### Exercise data

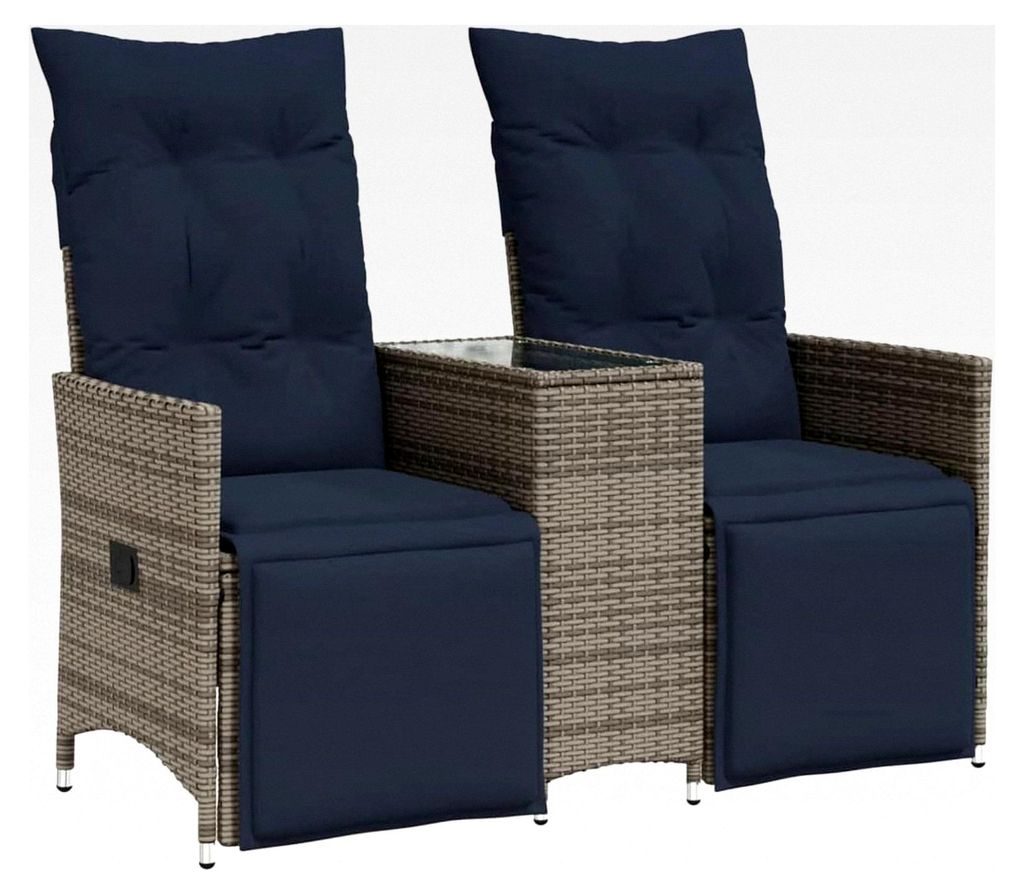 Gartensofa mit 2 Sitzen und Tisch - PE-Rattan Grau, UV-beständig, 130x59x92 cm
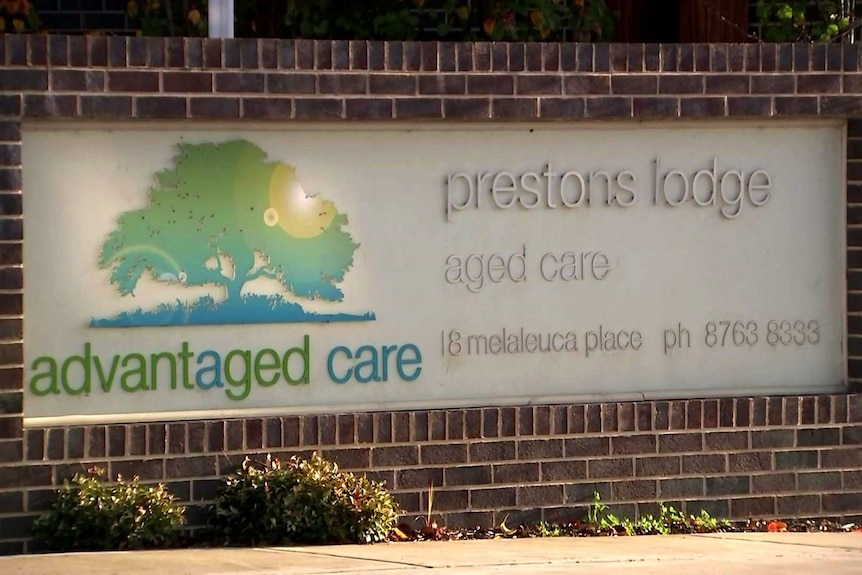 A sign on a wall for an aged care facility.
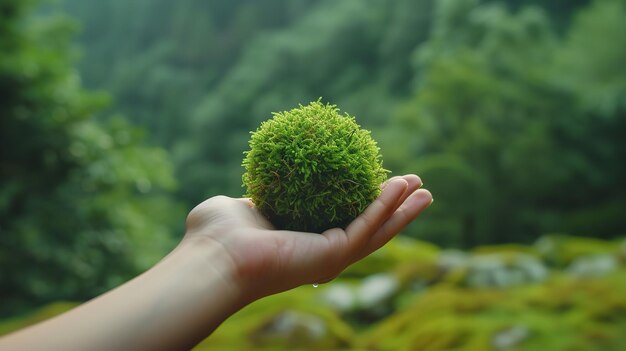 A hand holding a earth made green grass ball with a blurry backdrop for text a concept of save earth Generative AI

### What you have to do
Print all the lines above again exactly, without any pictures.

### Answer below
 Gartensofa mit 2 Sitzen und Tisch - PE-Rattan Grau, UV-beständig, 130x59x92 cm
 A sign on a wall for an aged care facility.
 A hand holding a earth made green grass ball with a blurry backdrop for text a concept of save earth Generative AI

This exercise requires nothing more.